### Task to complete
Quote the lines of the data below verbatim, beginning at the line that contains "K&N Universal Air" and ending at the last line, both included, and excluding pictures.

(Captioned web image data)
___

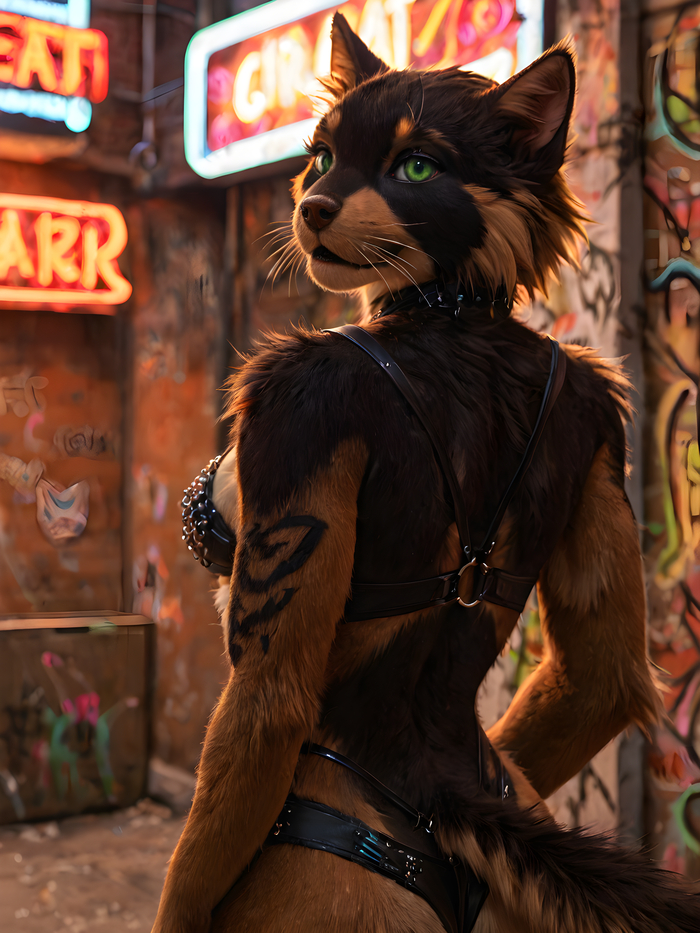    Wolfmks #2075 ,  , Furry Art, Furotica, Furotica female,  , Stable diffusion 3, Furry Cat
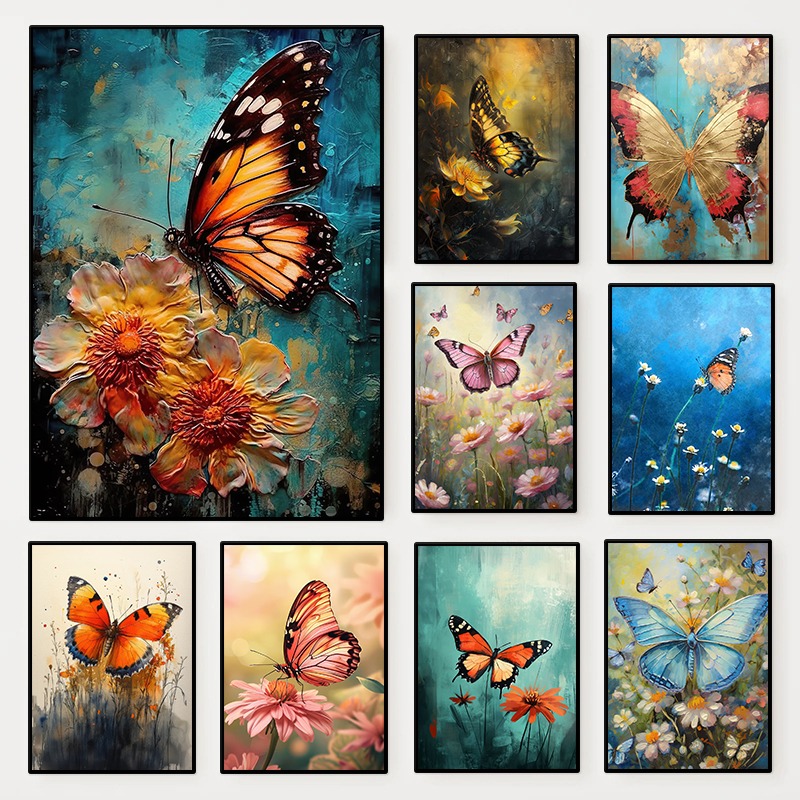 Resin Art Flower - Bloemenvlinderposter Kleurrijk insectenbloemenlandschap Minimalistische muurkunstprint Diamantschilderijposters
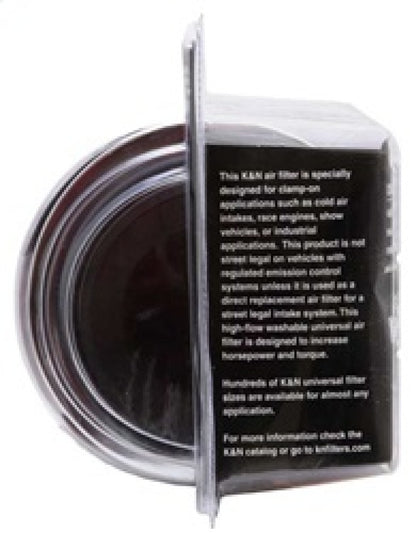 K&N Universal Air Filter Chrome Round Tapered Red - 4in Flange ID x 1.125in Flange Length x 9.5in H RG-1002RD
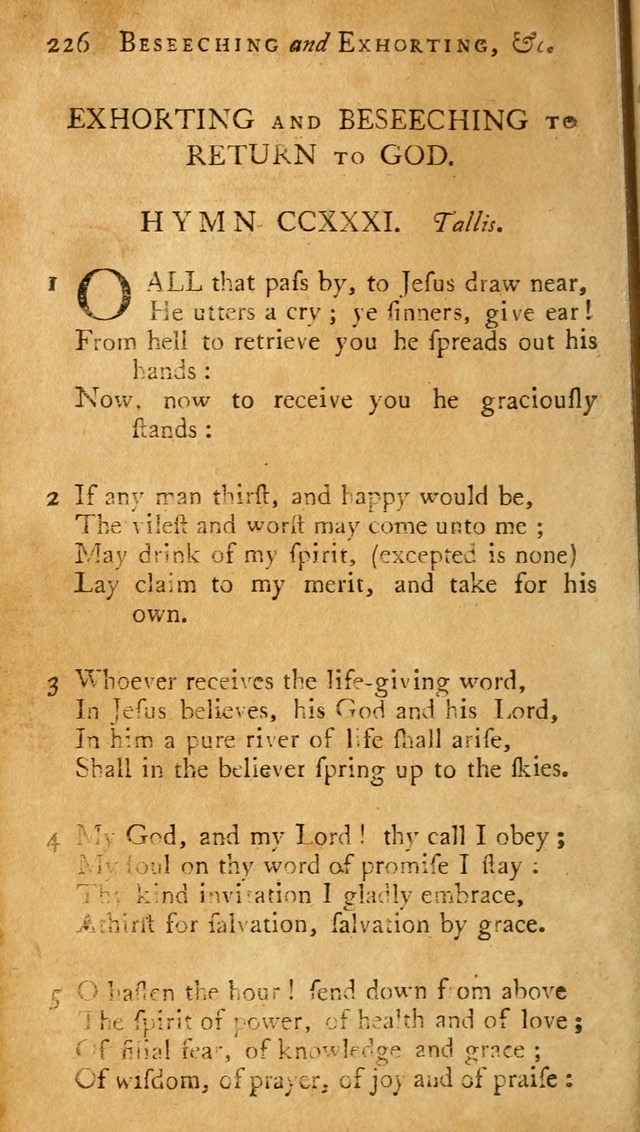 A Pocket hymn-book, designed as a constant companion for the pious: collected from various authors (11th ed.) page 226
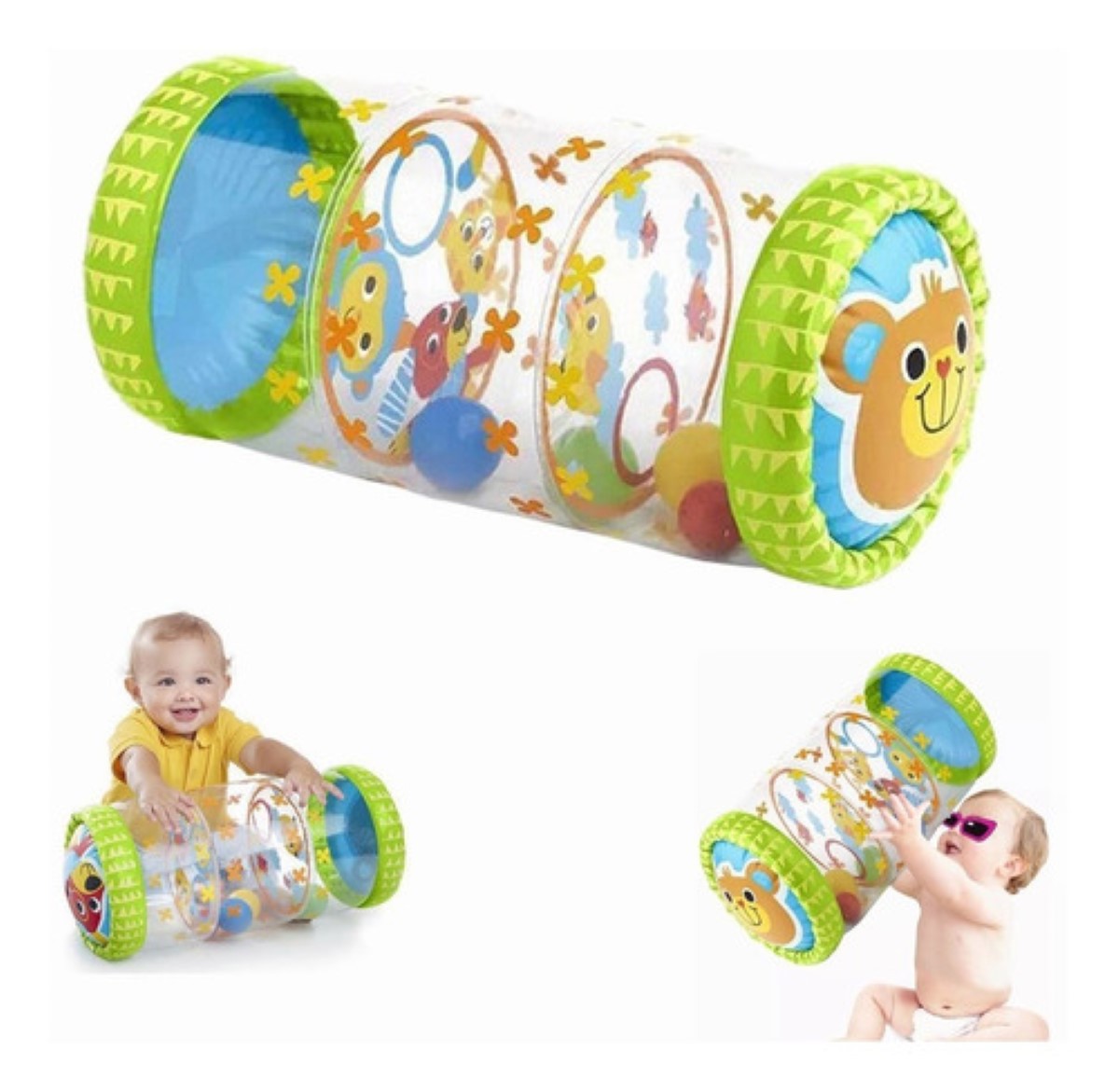 "Rodillo Cilindro Inflable Para Bebé Estimulación Gateo Oso, Verde "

___

### Solution to this exercise
 K&N Universal Air Filter Chrome Round Tapered Red - 4in Flange ID x 1.125in Flange Length x 9.5in H RG-1002RD
 A Pocket hymn-book, designed as a constant companion for the pious: collected from various authors (11th ed.) page 226
 "Rodillo Cilindro Inflable Para Bebé Estimulación Gateo Oso, Verde "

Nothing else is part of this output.